Data for processing:
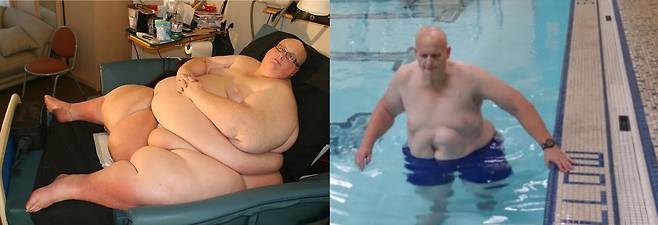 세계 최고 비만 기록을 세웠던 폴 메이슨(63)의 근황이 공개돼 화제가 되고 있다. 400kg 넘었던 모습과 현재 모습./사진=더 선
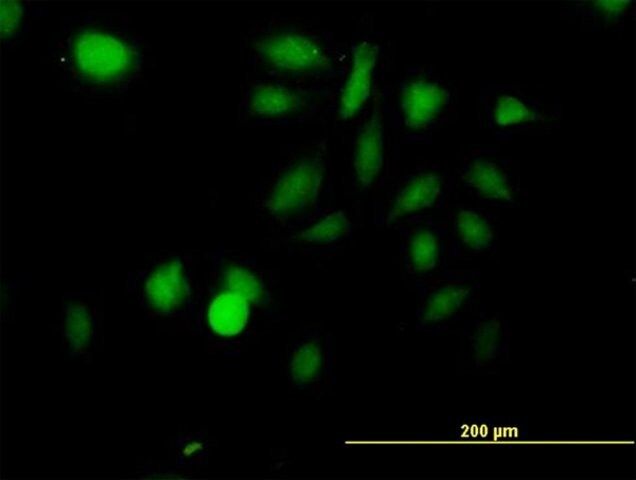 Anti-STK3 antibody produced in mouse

--

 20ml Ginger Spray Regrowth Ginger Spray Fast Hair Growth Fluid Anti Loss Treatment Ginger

==

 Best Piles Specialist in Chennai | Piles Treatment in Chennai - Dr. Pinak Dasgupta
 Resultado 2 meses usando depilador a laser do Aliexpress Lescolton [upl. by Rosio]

Work instructions:
Print, without alteration, only the lines above between the one holding "Best Piles Specialist" and the one holding "Resultado 2 meses", inclusive.

Written response:
 Best Piles Specialist in Chennai | Piles Treatment in Chennai - Dr. Pinak Dasgupta
 Resultado 2 meses usando depilador a laser do Aliexpress Lescolton [upl. by Rosio]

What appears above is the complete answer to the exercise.